Problematika internal yang sering
dijumpai dalam jamaah dakwah adalah gejolak kejiwaan, ketidakseimbangan
aktifitas, latar belakang dan masa lalu, penyesuaian diri, dan friksi internal.
Gejolak kejiwaan sebenarnya merupakan
persoalan yang dimiliki oleh semua manusia biasa. Dan yang perlu disadari
adalah para aktivis dakwah juga manusia biasa. Gejolak ini tidak bisa dimatikan
sama sekali, tetapi perlu dikelola dengan baik agar tidak merugikan dakwah dan
aktifis dakwah.
Diantara gejolak kejiwaan itu
adalah:
a.
Gejolak syahwat
Banyak
orang yang terpeleset oleh gejolak ketertarikan pada lawan jenis ini. Bagi
mereka yang belum menikah, gejolak ini biasanya lebih besar dan lebih
berpeluang “menggoda.”
b.
Gejolak amarah
Seperti kisah
Khalid saat menghadapi Jahdam dan pemuka bani Jazimah, gejolak amarah ini bisa
berakibat fatal termasuk bagi citra dakwah, hubungan antar aktifis dakwah, dan
terjadinya fitnah diantara kaum muslimin.
c.
Gejolak heroism
Semangat
heroisme memang bagus dan sangat perlu, tetapi ketika sudah tidak proporsional
ia akan mendatangkan sikap ekstrem yang berbahaya bagi kemaslahatan dakwah dan
umat. Kasus pembunuhan terhadap Nuhaik yang dilakukan Usamah bin Zaid adalah
contohnya.
d.
Gejolak kecemburuan
Seperti
kecemburuan Anshar pada para mualaf yang mendapatkan hampir semua ghanimah
perang Hunain, sikap ini bisa berefek pada melemahnya
soliditas
internal jamaah.
Meskipun yang dicemburui oleh Anshar
sebenarnya adalah perhatian Rasulullah dan bukan materi ghanimah-nya, gejolak
ini segera diselesaikan Rasulullah karena jika dibiarkan bisa berdampak
negatif.
Ketidakseimbangan aktifitas juga
menimbulkan problematika tersendiri. Ketidakseimbangan antara aktifitas
ruhaniyah dengan aktifitas lapangan, ketidakseimbangan antara dakwah di dalam
dengan di luar rumah tangga, ketidakseimbangan antara aktifitas pribadi dengan
organisasi, ketidakseimbangan antara amal tarbawi dengan amal siyasi,
ketidakseimbangan antara perhatian terhadap aspek kualitas dengan kuantitas
SDM; semuanya bisa berakibat negatif. Tawazun atau kesimbangan yang merupakan
asas kehidupan, juga harus dipraktikkan dalam kehidupan berjamaah dan oleh
semua aktifis dakwah.
Latar belakang dan masa lalu aktifis
yang buruk bisa pula menjadi problematika internal dakwah jika tidak dilakukan
langkah-langkah solutif. Latar belakang keagamaan keluarga, misalnya. Ia bisa
berbentuk lemahnya tsaqafah Islam, tekanan keluarga yang menentang aktifitas
dakwah, dan kerancuan dalam orientasi kehidupan. Sedangkan masa lalu yang “jahiliyah”

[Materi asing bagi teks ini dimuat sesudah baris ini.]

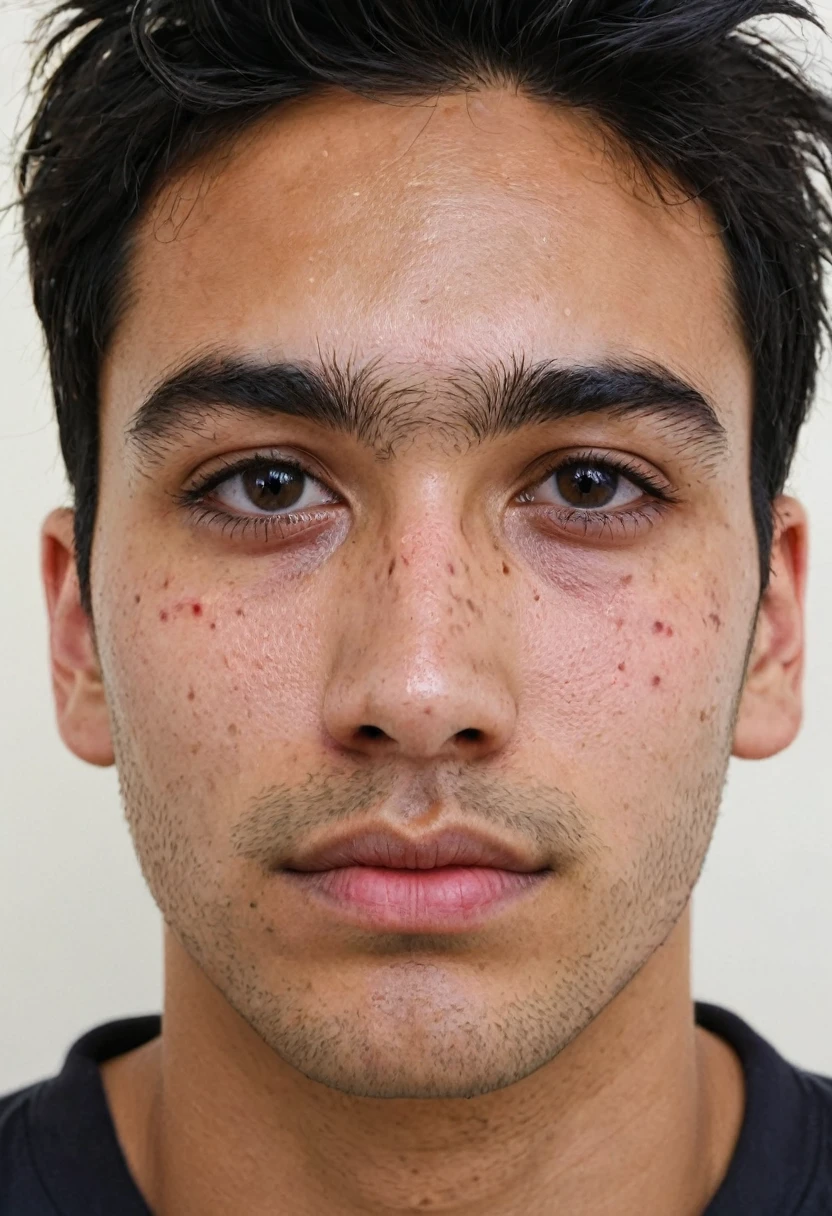 a young man, appearing to be around 25 years old. He has black hair, short and slightly messy at the front, with some strands falling over his forehead. His skin shows signs of dermatological irritation, with visible redness in the forehead area, especially between the eyebrows and nose, as well as red spots on the cheeks and jaw.
His face is symmetrical, with well-defined facial features. He has large, dark eyes, thick, contoured eyebrows, and a straight nose. His lips are medium in size, and he has stubble, indicating that he has not shaved recently.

bisa membawa dampak yang kurang menguntungkan bagi kredibilitas sang aktifis
dakwah. Solusi atas problem ini terangkum dalam kata “mujahadah.” Bagaimana
seorang aktifis melakukan muhasabah, menyadari kelemahannya dan melakukan
perbaikan diri. Masa lalu memang tidak bisa diubah, tetapi pengaruhnya bisa
dikendalikan.
Problematika
internal yang keempat adalah penyesuaian diri. Yakni penyesuaian diri terhadap
karakteristik pendekatan dan sikap dakwah yang melekat pada masing-masing
marhalah dan orbit dakwah. Sebagaimana corak dakwah yang berbeda antara fase
Makkiyah dan Madaniyah, bahkan masa sirriyah dan jahriyah pada fase Makkah yang
juga berbeda, dakwah saat ini juga mengalami hal yang sama; ada tahap-tahapnya.

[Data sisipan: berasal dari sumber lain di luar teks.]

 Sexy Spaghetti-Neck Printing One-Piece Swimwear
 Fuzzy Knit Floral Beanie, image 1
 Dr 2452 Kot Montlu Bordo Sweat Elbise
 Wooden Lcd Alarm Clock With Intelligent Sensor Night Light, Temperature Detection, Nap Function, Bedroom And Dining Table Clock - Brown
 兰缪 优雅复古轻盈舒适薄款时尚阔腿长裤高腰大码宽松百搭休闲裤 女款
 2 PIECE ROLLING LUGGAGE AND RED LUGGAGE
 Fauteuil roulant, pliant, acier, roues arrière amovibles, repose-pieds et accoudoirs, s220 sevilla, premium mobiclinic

Antara mihwar tanzhimi yang berkonsentrasi pada konsolidasi internal dan mihwar
muassasi yang konsen pada perjuangan politik membuat beberapa kader dakwah
tidak mampu menyesuaikan diri. Hambatannya bisa karena sifat “kelambanan”

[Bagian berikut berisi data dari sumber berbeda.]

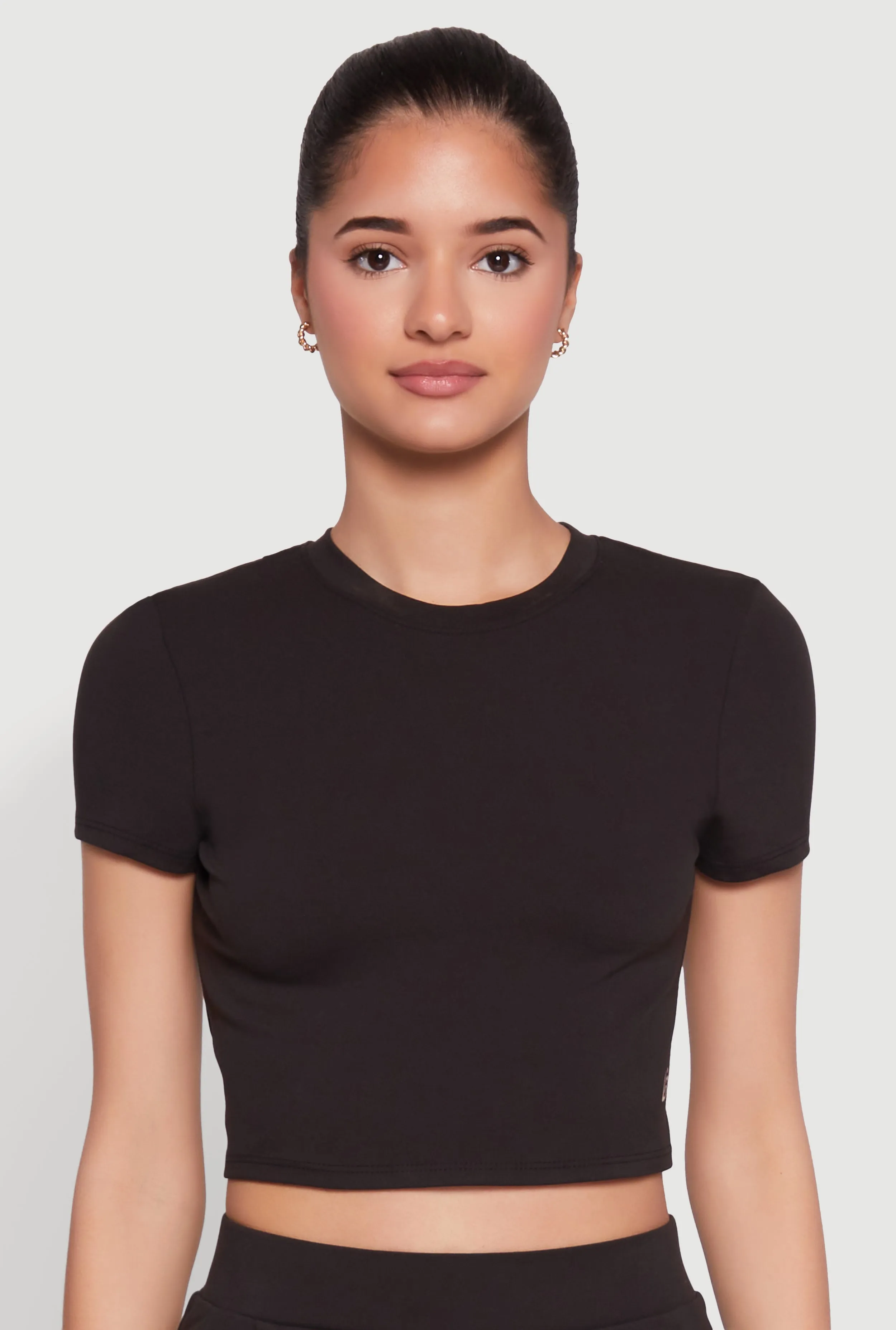 Cut Out Back Crew Neck Crop Top sold by Rainbow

kemanusiaan, kecenderungan
jiwa, keterbatasan dan perbedaan
tsaqafah, sampai keterbatasan kapasitas.
Untuk mengatasi problem ini
dibutuhkan peran kelembagaan dakwah. Jamaah dakwah perlu melakukan persiapan
perubahan fase dakwah, mensosialisasikan cara pandang yang disepakati tentang
batas-batas pengembangan dakwah sehingga jelas mana yang termasuk pengembangan
(tathwir) dan mana yang termasuk penyimpangan (inhiraf). Jamaah dakwah juga
harus mendefinisikan mana yang asholah dan tsawabit, serta mana yang
mutaghayyirat.
Problem internal kelima adalah
friksi internal. Friksi ini bisa timbul dari lingkungan yang kecil seperti
intern sebuah lembaga dakwah, atau antarlembaga, atau antarpersonal pendukung
dakwah. Banyak gerakan dakwah yang harus tutup usia dan kini tinggal nama
karena problematika ini. Friksi dalam sejarah dakwah memberi beberapa pelajaran
penting bagi kita: bahwa friksi merupakan indikasi kelemahan proses tarbiyah,
friksi menandakan adanya kelemahan dalam penjagaan diri para aktifis dakwah, restrukturiasi
dakwah tepat dilakukan terhadap orang-orang yang telah memahami karakter dakwah
itu sendiri, friksi juga bukti keberadaan ego manusia, penumbuhan al-wa’yul
islami (kesadaran berislam) dan al-wa’yu ad-da’awi (kesadaran dakwah) lebih
utama dibandingkan sekedar meletupkan hamasah (semangat) bergerak, dan sangat
mungkin friksi timbul karena hadirnya pihak ketiga yang sengaja “memecah”
jamaah.
2.
Problematika Eksternal Dakwah
Problematika eksternal dakwah yang
bisa menjadi bahaya besar bagi kebaikan bangsa dan masyarakat Indonesia,
khususnya umat Islam meliputi problematika spiritual dan kultural, problematika
moral, dan problematika sistemik.
Diantara
problematika dakwah di Indonesia yang menyangkut aspek spiritual dan kultural
adalah: berhala-berhala modern baik berupa teknologi yang dijadikan rujukan
kebanaran, sains yang diabsolutkan, materi yang ditaati, maupun kekuasaan yang
dipuja-puja; syirik, khurafat dan tahayul yang masih merebak di masyarakat;
globalisasi dan dialektika kultural; serta tradisi baik yang sudah tergerus dan
tergantikan dengan budaya negatif efek perkembangan peradaban.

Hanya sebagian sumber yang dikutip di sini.